The Appellant was convicted for the offence of stealing by Servant contrary to Section 281 of the Penal Code and was sentenced to serve 10 months imprisonment on 25.2.99. Soon after on 12.3.99 he filed a Petition of Appeal through his Advocates challenging the conviction but not the sentence. The Appellant had already served the sentence when this Appeal was argued.

The Appellant was a Clerical Officer with the Moi Airport Taxi SACCO. As such clerk it was alleged that the Sacco funds were collected, recorded, secured and banked by him on behalf of the Sacco. Between 14.11.96 and 30.6.97, it was alleged that some Ksh.658, 410 came into his possession but was never accounted for, hence the charge laid that he stole the amount.
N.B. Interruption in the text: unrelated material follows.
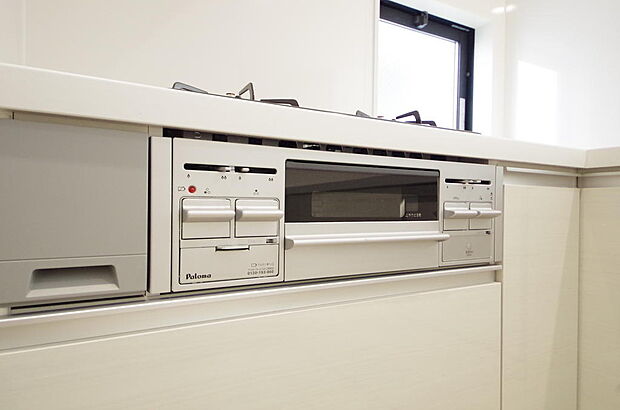 小さなお子様がいたずら出来ないようにロックがかかるようになっています。これなら奥様も安心です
The Learned Senior Principal Magistrate found as proved beyonddoubt that the Appellant was such employee.  He further believed the evidence of the seven Prosecution Witnesses called to prove the charge and in particular the Auditor commissioned by the Sacco to investigate the Accounts of the Sacco, who testified as PW 6, David Gachanja.  He delivered himself on such evidence as follows:-

"Mr. Gachanja who did audit told the court that he covered the period November 1996 to September 1997. He found out that the amount collected was Ksh, 1,318,000/-. Kshs.557,850 /- was booked. There were voucher payments of Kshs.318, 530/-. He also noted fictitious overpayment of Ksh.241,190/-. He found the accused could not account for Kshs.650,410/-.

Accused did not explain anything about the above figure since he is the one who was collecting cash and this money could not be seen then obvious he misappropriated it. He must have stolen it".

A finding of guilty was made.

The grounds of Appeal laid and argued by the Appellant's Counsel Mr. Gakuhi are these:-

1.  That the learned trial Magistrate erred in law and fact in convicting the Appellant against the weight of evidence.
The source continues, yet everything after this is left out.